2. reading progress notes for a patient is more efficiently done. A person is able to read progress or changes in a patients medical condition very easily, without having to interpret or misinterpret a persons handwriting. Once again there is less of chance for error or misinterpretation.
3. Services between units and hospitals are streamlined and made more efficient. I can access a patients CBC result through a click of the mouse, as can the physician, at the same time! No need to wait for the patients chart to document while someone else reads it or uses it during report.
4. Once again, a reduction in medication errors. Pharmacy accesses all medication orders through EHR, as do physicians and nurses. It keeps things simple and clear.
5. A nurse or doctor is able to access the medical history of a person from 2 years ago for example. This is definitely conducive to planning an effective plan of care.

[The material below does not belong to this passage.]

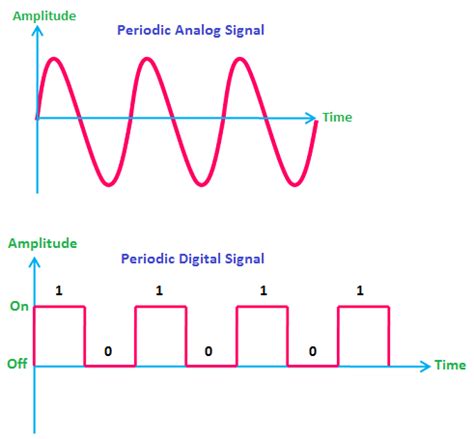 Periodic Signal Diagram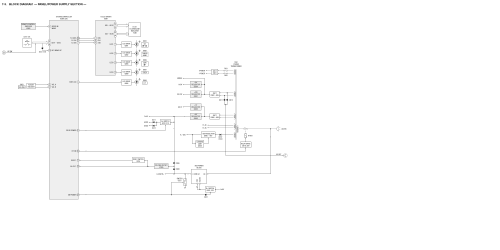 Micro HiFi Component System HCD-HPX7; Sony Corporation; (ID = 2129560) Radio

Disadvantages are few in my opinion and easily overcome. Lots of the older nurses and doctors have a difficult time adjusting to using the computer, especially if they do not have a habit of doing so. I have seen a few doctors completely refuse to document into the computer, until being forced to in the end. Through proper guidance and a helpful IT department this problem is easily overcome. With time things resolve themselves, and people develop the confidence to use EHR. You can always email me at
Your blog is very interesting and I will be back!!!

E'Louise Ondash said...

Thank you for reading and commenting on the blog. If we were taking a poll, I think most medical personnel would be in favor of EHR. One older doctor told me he's glad they are being implemented within his 100+ doctor group because it forces him to learn new things. it gets frustrating once in a while, but also has so many more advantages. I've found that many nurses and doctors like being able to log into the EHR systems from home. they'd rather finish the days work from their home than sit in the office. The ability to access records from off site is also a tremendous benefit to on-call nurses and physicians.

Anonymous said...

God know what else they are looking at? As a practice owner, they are many things that is internal to my business. I am deleting my free account.